That's Grand Forks, Fargo, Bismarck and Minot, North Dakota in AT&T Wireless speak.
I'm sure you've seen those clever commercials showing various professionals being craned and dollied into different locations, all the while using their AT&T Wireless phones to conduct business and stay in touch. At the end of the ads they mush all of the town names mentioned into one hilarious hybrid, thus proving how well the AT&T phones work all over the globe.
Well, bulls&%*. This fall I have been to many places (50+ cities in 17 states) and though I'm supposed to have a nationwide AT&T plan that includes free roaming and long distance in all 50 states, when I got a bill recently I saw that they had charged me $99 for three incoming calls I received while in North Dakota.

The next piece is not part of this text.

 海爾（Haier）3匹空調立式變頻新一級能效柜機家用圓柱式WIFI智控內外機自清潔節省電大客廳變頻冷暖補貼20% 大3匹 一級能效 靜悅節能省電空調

When I called customer service to explain my problem, the rep on the phone listened, paused for a moment, then said, "let's see, North Dakota is one of the 50 states."
I seriously think she had to look that up.
She said they'd take the charge off of my bill (never did get an explanation why it was on there in the first place) and when she was doing her mandatory summation of the call I almost had to stop her because she said, "you called to inquire about roaming charges on your bill, we discussed that North Dakota was in the 50 United States..."
No, we didn't 'discuss!' This call is being recorded for quality control purposes and I don't want anyone out there thinking we actually had to deliberate on whether or not North Dakota was one of the 50 states. What, were we like "I know South Dakota's a state, but North Dakota? That doesn't sound right does it? Isn't it part of Saskatchewan or something?"
I think Consumer Reports should give me a cell phone from every major carrier and let me take them all on the road with me for a year to see which one can hack it. Then we'll know who has the right to mess with our town names.